Say What?


on audiovisual and literary translation, subtitling, and the French & American film industries

Pasolini’s ‘Teorama’ theatrically translated

Fitting outdoor surrounding of Lincoln Center Festival production of 'Teorama'

Over the weekend I saw an theatrical rendering of the late, great director Pier Paolo Pasolini‘s film Teorama as part of the Lincoln Center Festival.  It was interesting and successful, and what I particularly enjoyed was the translation from the screen to the stage of the supertitles, which were an elegant and often poetic evocation of the film itself.

As for the actual story, a depiction of ennui soaked rich people literally choking on their frigidity, it’s remarkable if only because of the saturation of American culture with so many reality TV-fueled quests for material wealth and professional success as nearly identical goals.  Most of these embody consciously and otherwise a narrow construct which exclude any other point of view.

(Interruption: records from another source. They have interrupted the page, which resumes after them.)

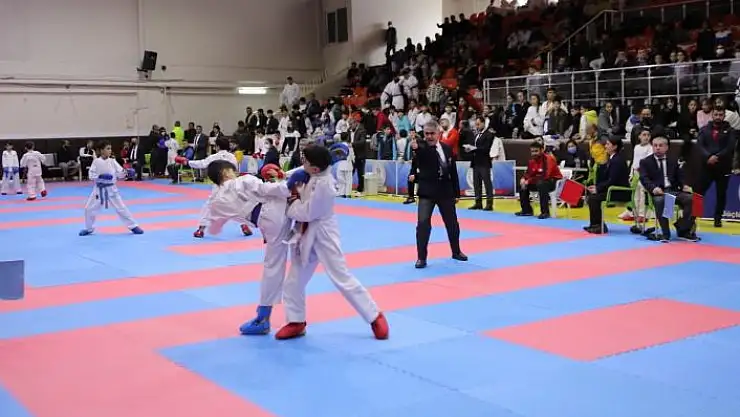'Karate grup müsabakaları Adıyaman´da yapıldı'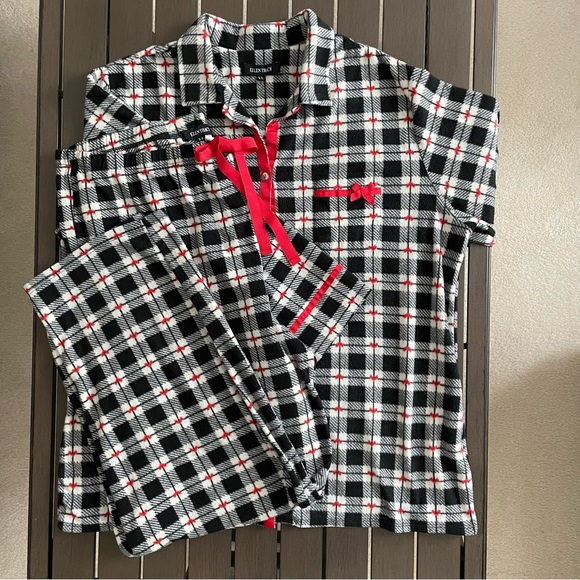 Ellen Tracy Other - ELLEN TRACY PLAID FLEECE LOUNGEWEAR PAJAMA SLEEP SET!!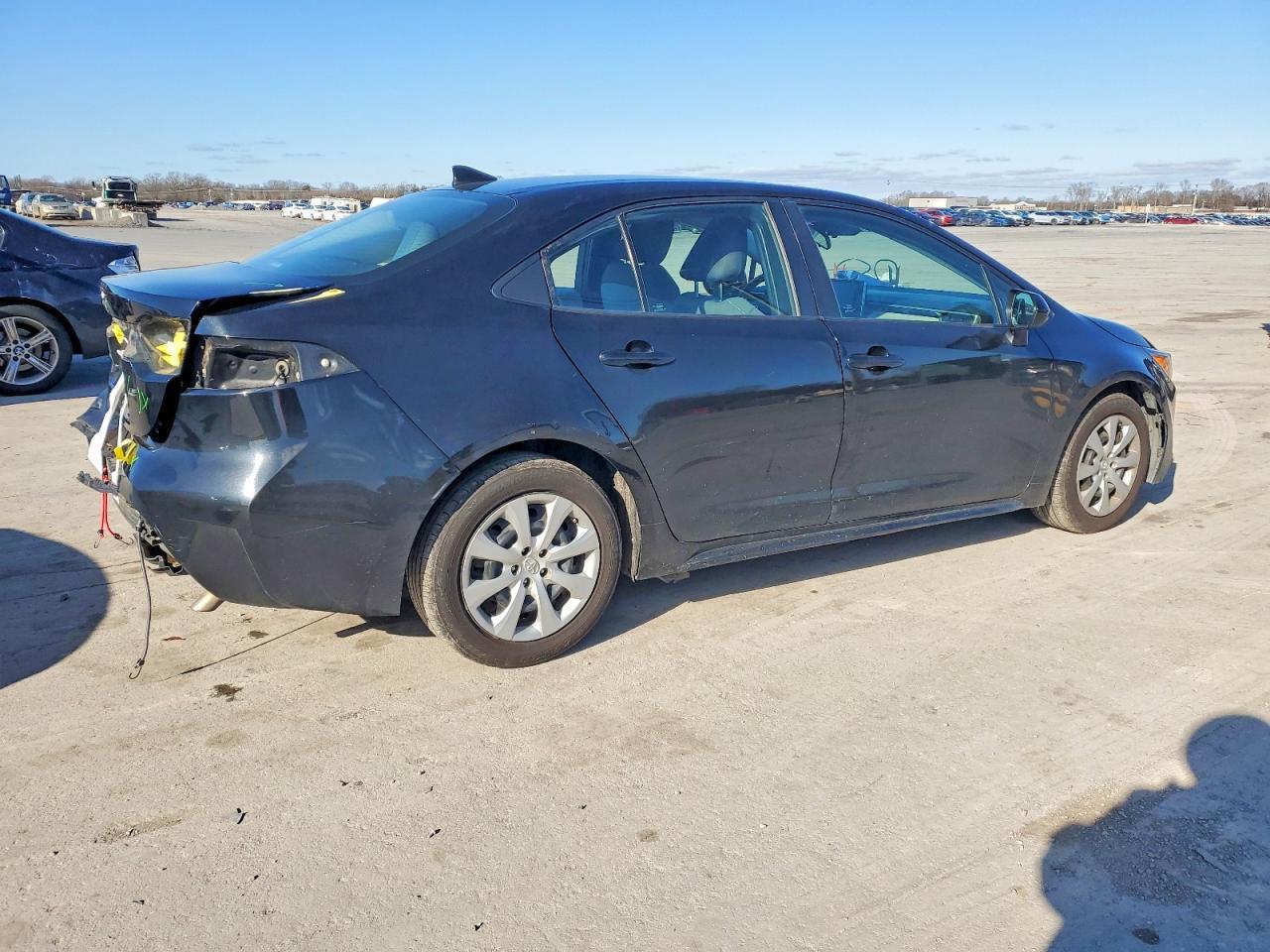 2021 Toyota Corolla Le - Фото 3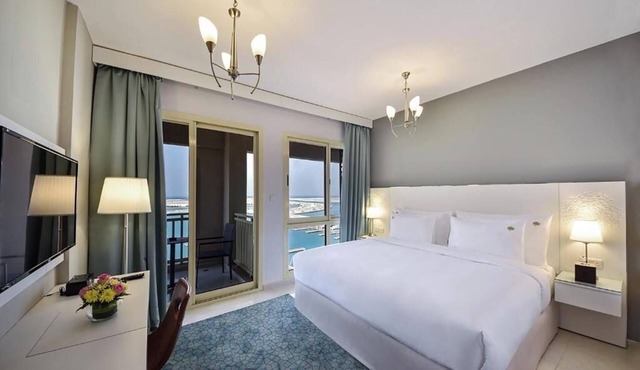 Two Bedroom Apartment Sea View Near Lagoon Marina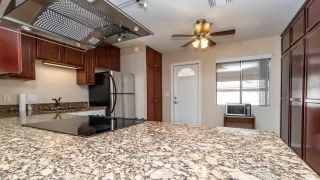 Photo #2: 6072235 Listing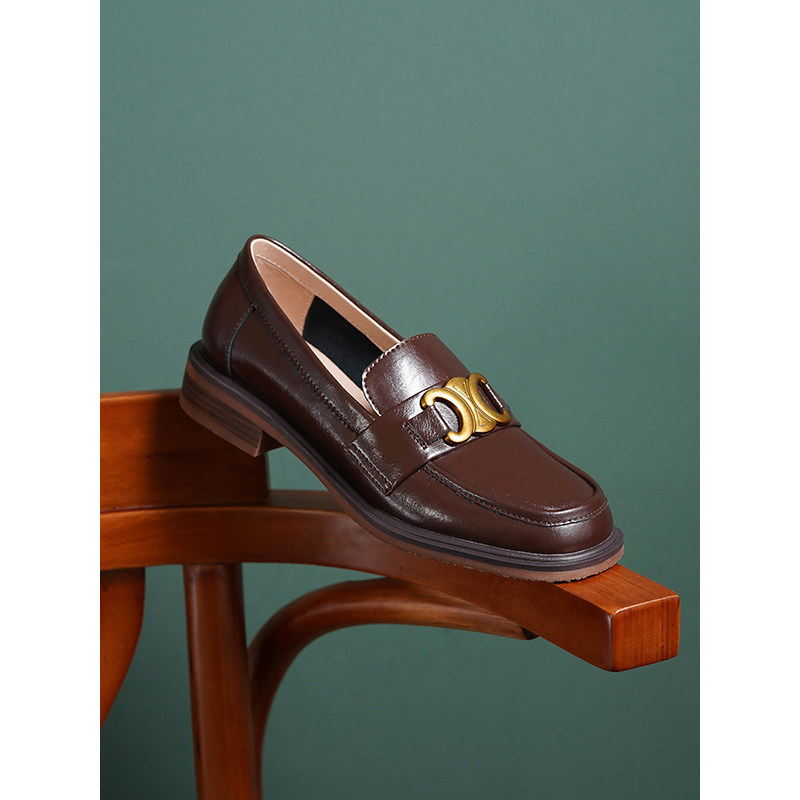 Metal decoration flat sole single shoes deep mouth 2022 new soft sole cow leather casual leisure shoes in spring and summer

What’s most striking, given Pasolini and everything he stood for (his bold cinema, gay sexuality, and politics), is the very radical nature simply of his dissection of this world that he was by self-definition utterly removed from.  That he attempted to weave the profane together with the sacred made the film that much more compelling, and this production is that much more valuable for attempting to evoke it.  Mostly too late to see, but utterly worth remembering.